> [What this task involves]: Repeat only what runs from the line with "Hp Procurve 1810g-24" through the last line of the data below, both included, keeping every word as it is and leaving out the pictures.

> [The data]:
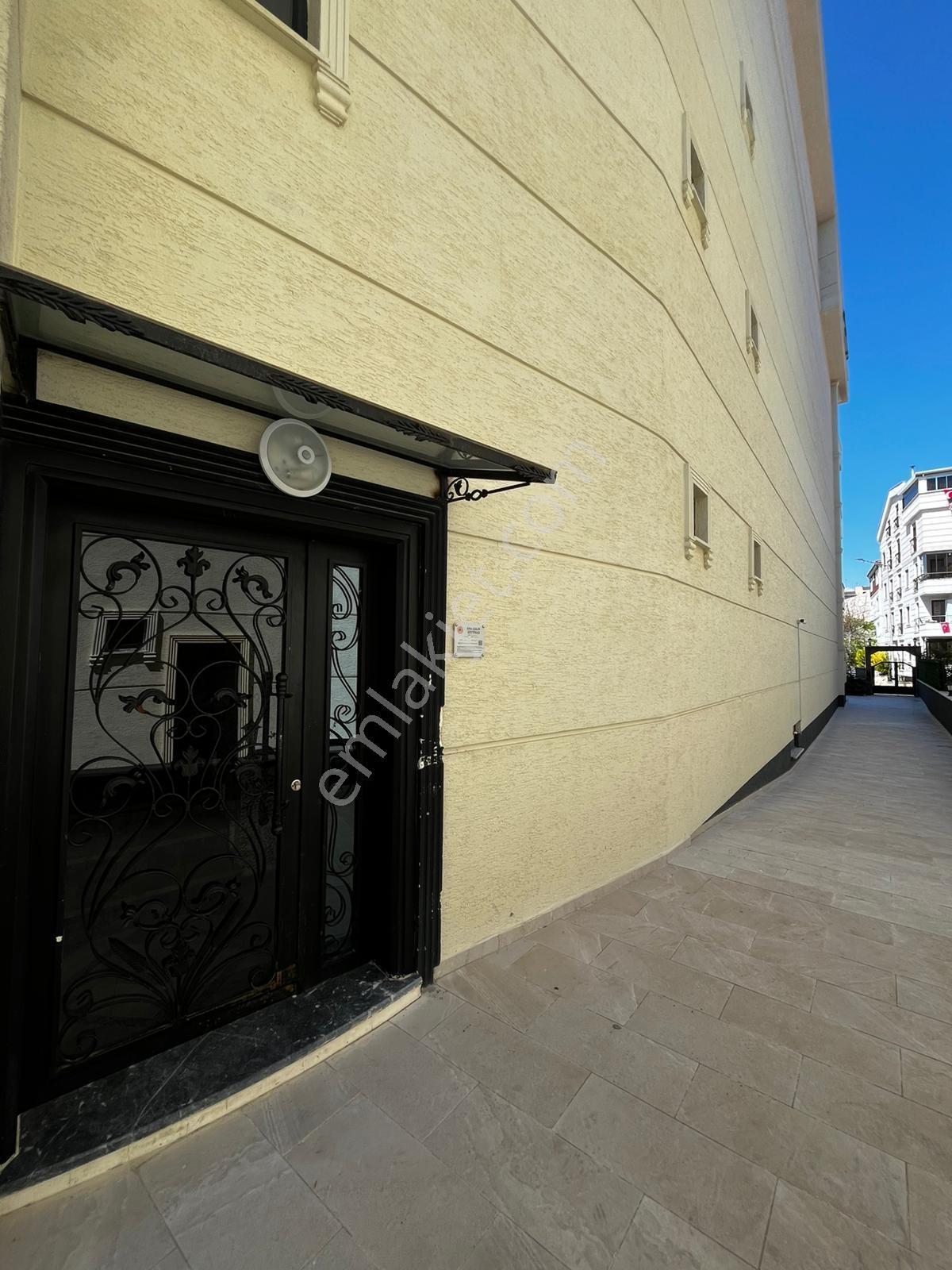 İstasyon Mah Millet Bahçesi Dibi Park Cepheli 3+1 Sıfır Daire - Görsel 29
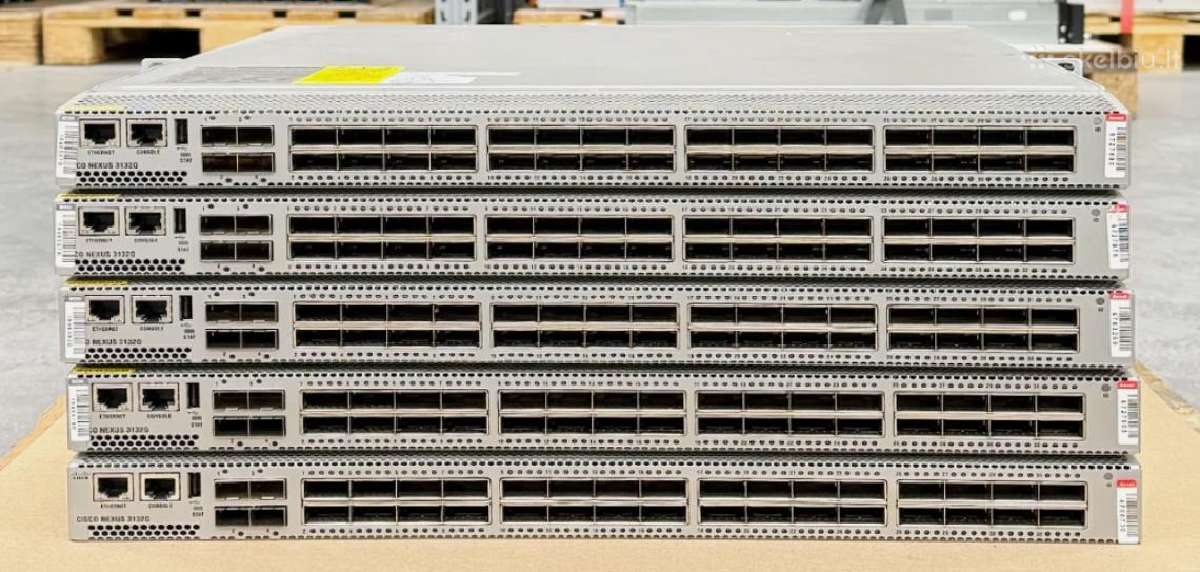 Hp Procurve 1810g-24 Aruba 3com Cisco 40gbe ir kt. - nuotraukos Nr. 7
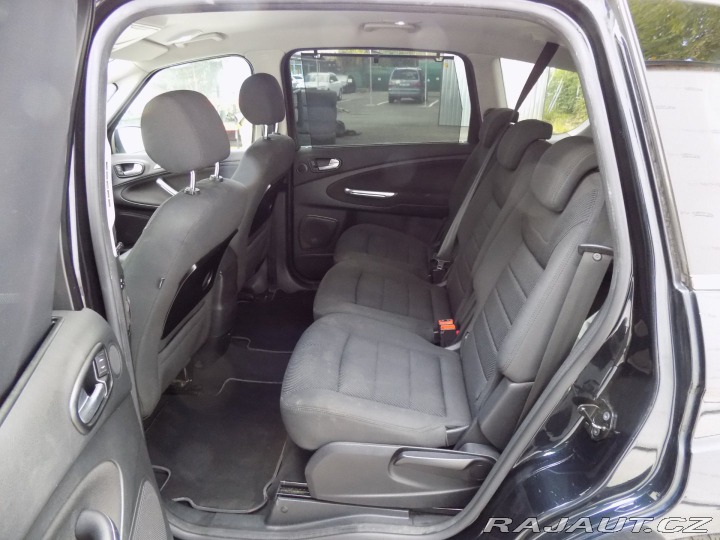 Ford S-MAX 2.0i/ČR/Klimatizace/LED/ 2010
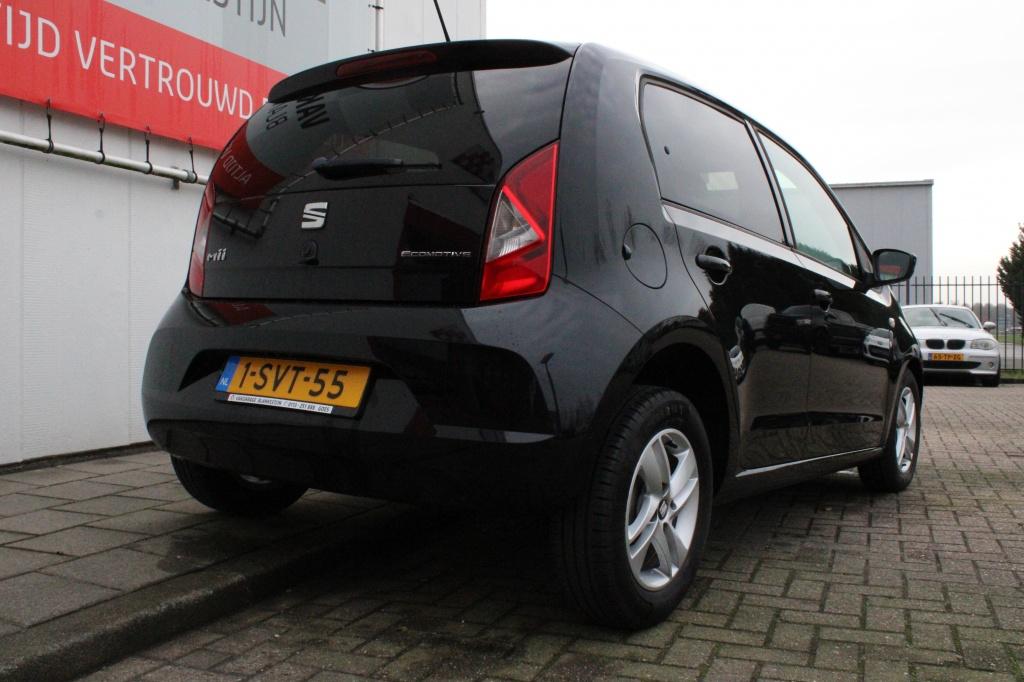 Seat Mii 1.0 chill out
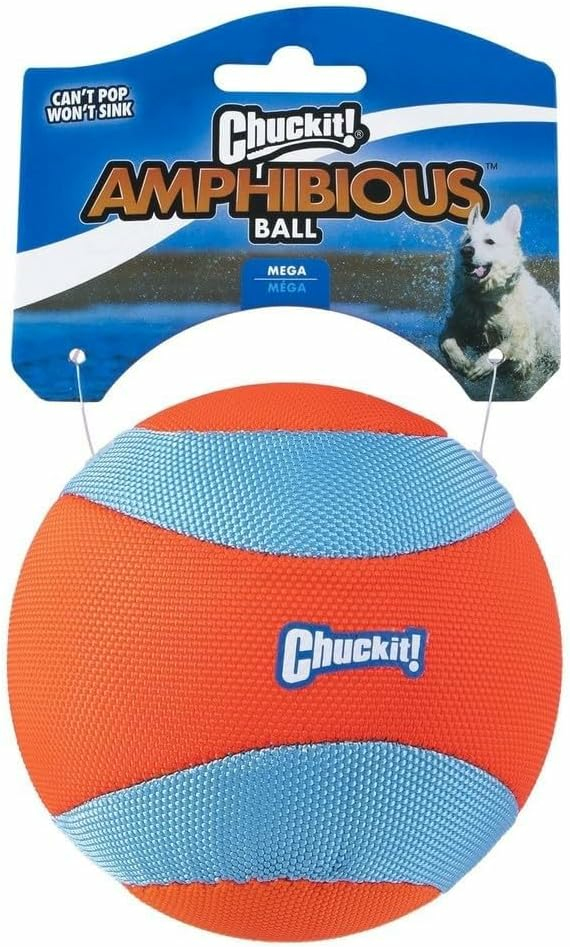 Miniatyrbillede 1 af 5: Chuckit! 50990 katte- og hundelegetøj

> [Final answer]:
 Hp Procurve 1810g-24 Aruba 3com Cisco 40gbe ir kt. - nuotraukos Nr. 7
 Ford S-MAX 2.0i/ČR/Klimatizace/LED/ 2010
 Seat Mii 1.0 chill out
 Miniatyrbillede 1 af 5: Chuckit! 50990 katte- og hundelegetøj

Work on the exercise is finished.